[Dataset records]
------------------------------------------------------------------------
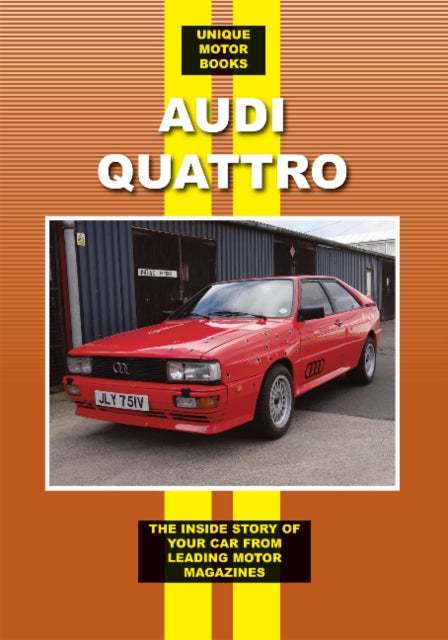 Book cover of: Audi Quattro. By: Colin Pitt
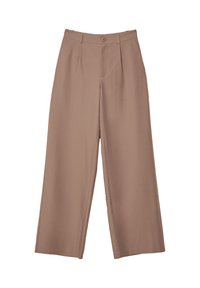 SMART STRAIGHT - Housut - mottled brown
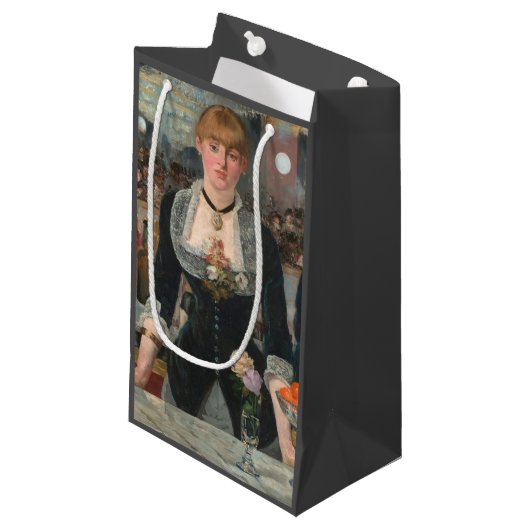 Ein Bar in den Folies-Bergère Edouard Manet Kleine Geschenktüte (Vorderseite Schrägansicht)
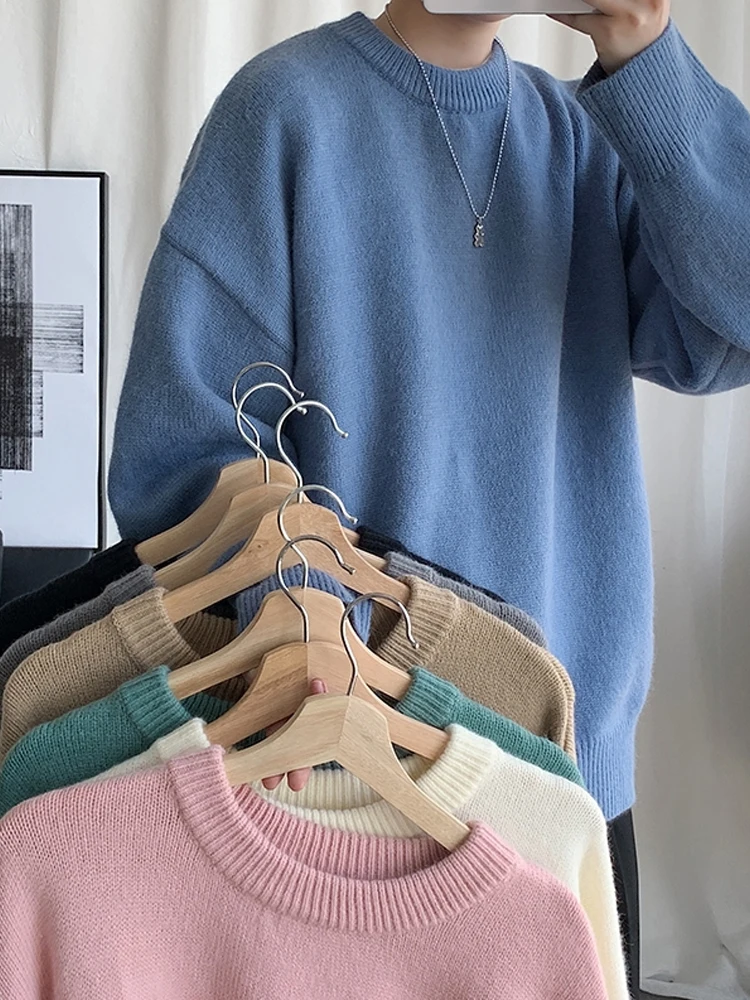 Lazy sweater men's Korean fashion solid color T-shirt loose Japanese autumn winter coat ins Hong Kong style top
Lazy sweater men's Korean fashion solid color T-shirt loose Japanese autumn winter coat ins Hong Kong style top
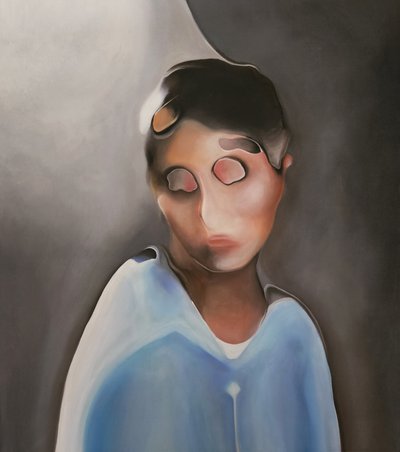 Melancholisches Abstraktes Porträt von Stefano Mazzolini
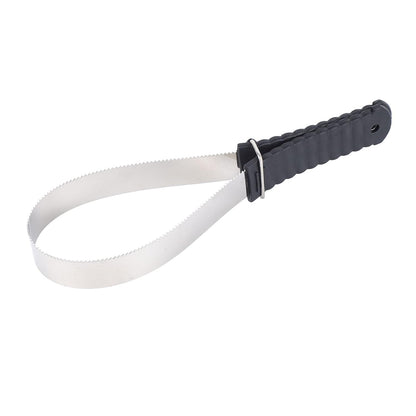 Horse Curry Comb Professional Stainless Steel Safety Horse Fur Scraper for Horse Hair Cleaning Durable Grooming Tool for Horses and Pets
------------------------------------------------------------------------
◆ Task instructions ◆
Every entry should be written out word for word, except for its pictures.

◆ Response below ◆
 Book cover of: Audi Quattro. By: Colin Pitt
 SMART STRAIGHT - Housut - mottled brown
 Ein Bar in den Folies-Bergère Edouard Manet Kleine Geschenktüte (Vorderseite Schrägansicht)
 Lazy sweater men's Korean fashion solid color T-shirt loose Japanese autumn winter coat ins Hong Kong style top
Lazy sweater men's Korean fashion solid color T-shirt loose Japanese autumn winter coat ins Hong Kong style top
 Melancholisches Abstraktes Porträt von Stefano Mazzolini
 Horse Curry Comb Professional Stainless Steel Safety Horse Fur Scraper for Horse Hair Cleaning Durable Grooming Tool for Horses and Pets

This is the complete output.